一方、障害福祉事業所では平成28年4月1日以降の公費助成廃止後に入職した職員を加入させていない制度対象外施設が、加入法人の4分の1を占めた。新規加入者の減少が、賦課方式の制度を不安定化させる要因として示された。
主要数値
- 検討会開催日
- 令和8年6月26日
- 障害福祉関係法人の制度加入率
- 97.1%
- 児童養護・乳児院・母子生活支援施設の制度加入率
- 94%
- 現行の本制度掛金年額
- 14万8500円
- 保育等で公費助成がある場合の掛金年額
- 4万9500円
- 加入5年未満の支給額割合
- 総支給額約1400億円のうち83億円、5.9%
- 公的年金の保険料率
- 賃金の18.3%
- 財政検証の見通し期間
- 今後100年間
影響
制度加入は採用時の魅力や職員の将来への安心感に結び付き、社会福祉施設の人材確保・定着を支える。児童養護の現場では、職員の長期勤続が子どもとの安定した関係形成や支援の質にも関係する。
掛金がさらに上がれば、約9割の法人が経営への影響を見込み、経営・運営の圧迫、離職率上昇、他業種への人材流出が懸念される。措置費で運営する施設では、増額分を独自に確保しにくい。

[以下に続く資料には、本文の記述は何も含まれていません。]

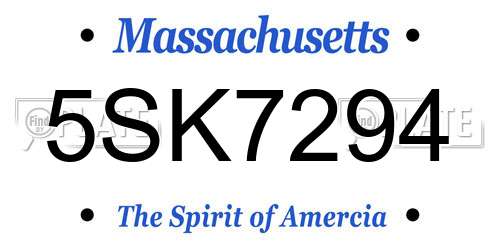 5SK7294 Massachusetts License Plate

給付水準を下げずに制度を維持する意見が多数を占める一方、支給要件や公費負担を見直す場合には、職員の処遇と法人経営への影響を同時に検証する必要がある。
詳細
事業者団体からは、掛金の大幅引上げを前提にせず、年複数回の分割納入を可能にすること、給付水準を可能な限り維持すること、制度の魅力を発信すること、一定期間の集中的な公費投入を行うことが提案された。支給要件の勤続1年以上については、3年から5年程度への見直し効果を検証する案も示された。
児童養護施設側は、第二種社会福祉事業のうち公費助成対象外の事業にも対象を広げるよう求めた。対象外事業へベテラン職員を配置すると、対象外となる掛金を施設側が全額負担して対応する場合があり、高機能化・多機能化の進展を妨げる可能性がある。
公的年金の例として、5年ごとの財政検証で人口・経済・就業の複数ケースを投影し、制度変更を検討する方法が紹介された。共済制度でも定期的な検証を制度化し、掛金の引上げ時期を早期に示すこと、長期的には賃金と掛金を連動させる自動調整を検討することが提案された。
積立金を形成する場合は、一定期間に収支差額を黒字にする必要があり、規模・運用方法・合意形成が論点になる。現行制度では、非加入届を取り下げれば全職員の再加入が可能だが、空白期間は加入期間に算入されない。制度の掛金は事業主が全額負担し、加入期間が長いほど支給乗率が高くなる。